While the central bank governor Abdellatif Jouahri has repeatedly insisted that the float would be gradually introduced starting in the second half of the year, it is now unclear when liberalisation will take place.The prime minister Saaddine El Otmani said on July 1 that the first phase will allow the currency to fluctuate within a daily range of 5 per cent, up from 0.6 per cent currently.

The dirham is pegged to a two-currency basket weighted 60 per cent to the euro and 40 per cent to the US dollar.

“The move to a more flexible exchange rate regime, not a float, is still in the cards but the roll-out will take place at the appropriate time,” government spokesman Mustapha El Khalfi told reporters on July 6. The premier wants to investigate what volatility or depreciation would mean not only for the purchasing power of Morocco’s 34 million people, but also for companies doing business abroad, he said.

Some see opportunities from a weaker currency. Abdelhai Bessa, the chief executive of the textile and garments producer Somitex, said he hoped for an “orderly depreciation” of the dirham that would help Moroccan products compete with Turkish and Chinese goods.

“The authorities say they want Moroccan companies to boost exports and expand in sub-Saharan Africa, but right now we’re simply not competitive enough," Mr Bessa said. “Currency reform might change that.”

Yet it could also aggravate unrest which has been building in Morocco since a fishmonger was crushed to death in a garbage compacter in October following a run-in with police. The incident became a focal point for a protest movement demanding political and economic reform.

The protests probably played a minor role in the decision to delay the float plans, according to Riccardo Fabiani, a North Africa analyst at the Eurasia Group in London. More significantly, he said, was political infighting and the need for Mr Otmani to assert his authority. He took office in March at the head of a six-faction coalition, ending a five-month political impasse that had forced King Mohamed VI to intervene.

The prime minister “had been bypassed by everyone”, with the unrest handled by the interior minister and the justice minister - both of whom are close to the monarchy, Mr Fabiani said. The central bank was relatively the easiest target for Otmani to show that he is in charge and “not ineffective,” he said.

Even so, analysts say Morocco’s economy is in good shape for removing restrictions on the dirham. Unlike Egypt prior to its float, Morocco has an investment-grade credit rating and an expanding private sector. With growth expected to average 4.1 percent in 2017 and 2018, it is set to outperform most Arab economies including Egypt and Tunisia, as well as Saudi Arabia and the United Arab Emirates.

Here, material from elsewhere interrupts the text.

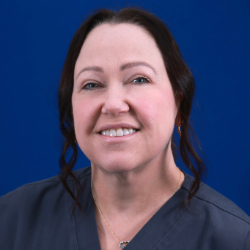 Joanne Wardle is a dental nurse at Bupa Dental Care Coulby Newham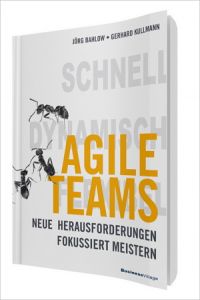 Bahlow/Kullmann, Agile Teams.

Its budget deficit is forecast to drop to 3.1 percent this year from 4.2 percent in 2016, according to economist estimates compiled by Bloomberg. Inflation is under 2 percent.

“It’s not at all cut-and-dried whether the dirham will appreciate or depreciate when more flexibility is allowed,” said Mr Badr Fassi-Fihri, who trades currencies for Banque Centrale Populaire in Casablanca.

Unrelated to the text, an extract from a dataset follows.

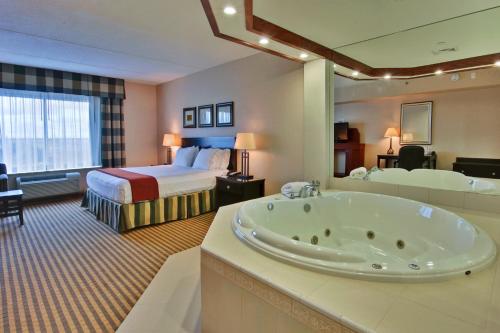 Imagen de la habitación del Hotel Holiday Inn Express Newmarket, an IHG. Foto 8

The postponement was easy for Mr Otmani because Morocco, unlike Egypt, is not facing a currency crisis that requires immediate action, according to Reham El Desoki, a senior economist at the regional investment bank Arqaam Capital.

Authorities are “thinking long about what could go wrong simply because they can afford to do so”, she said.

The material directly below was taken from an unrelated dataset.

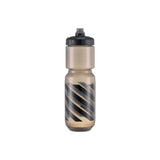 Giant Doublespring antimicrobial cycling water bottle with fast flow nozzle and ergonomic design for outdoor riding.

The repeated delays are exacerbating volatility, said Mr Benmoussa. “The way the authorities seem to be hesitating raises uncertainty," he said.

* Bloomberg

Living in...

This article is part of a guide on where to live in the UAE. Our reporters will profile some of the country’s most desirable districts, provide an estimate of rental prices and introduce you to some of the residents who call each area home.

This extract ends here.